That would be St. James's Palace, where she is now Harpist to the Prince of Wales. Reviving a dormant centuries-old tradition (the last royal harpist was appointed in 1871), Prince Charles sent word around: Get me a harpist aged 19 to 25. The quest ended in the four-bedroom London flat that Finch, whose former teacher was on the prince's selection committee, shares with three other young students at the Royal Academy of Music. "My flatmate Nick said I had a call from the palace, and I said, 'Yeah, right,' " she recalls. But when the royal staff explained the situation, she says, "I felt pure excitement." And nerves: To get ready for her debut performance as royal harpist in May, Finch downed two bananas: She can't eat anything else before playing. ("I also have to find a corridor so I can pace around," she explains.) The reviews crowned her evening: "You dazzled the room with your virtuosity and musicality," Prince Charles wrote her.

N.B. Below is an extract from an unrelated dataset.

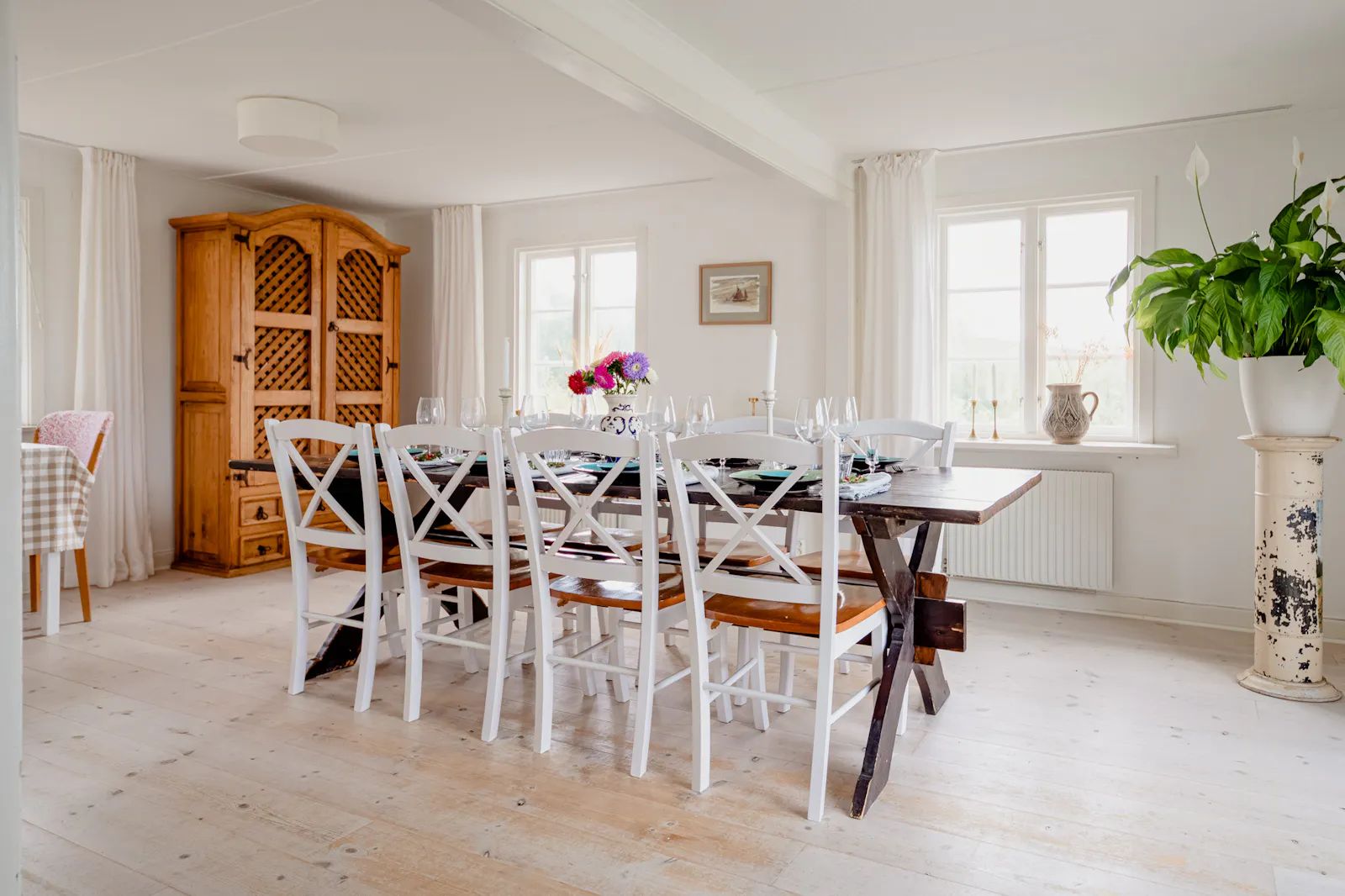 Charmiga hus i natursköna omgivningar – bild 4 av 24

Heady stuff for a girl from the village of Llanon, Wales. Finch, the youngest of three children born to Chris, 49, who works for an agricultural agency, and Marianne, 50, a college librarian and piano teacher (they are separated), also picked up a nifty gold brooch and a $3,750-a-year stipend (for about 12 gigs a year), but there has been a price: "I gave up my childhood to harp practice," she says. Making up for lost time, she has begun imperiling her career with in-line skating adventures. "It is a risk," Finch says, "but I have to do a few normal things."
Every day is casual day when you're a 20-year-old music student. So Catrin Finch's roommates suspected something was up when they started seeing her in dresses instead of jeans. "I kept having to dress up really posh for my visits to the palace," she says.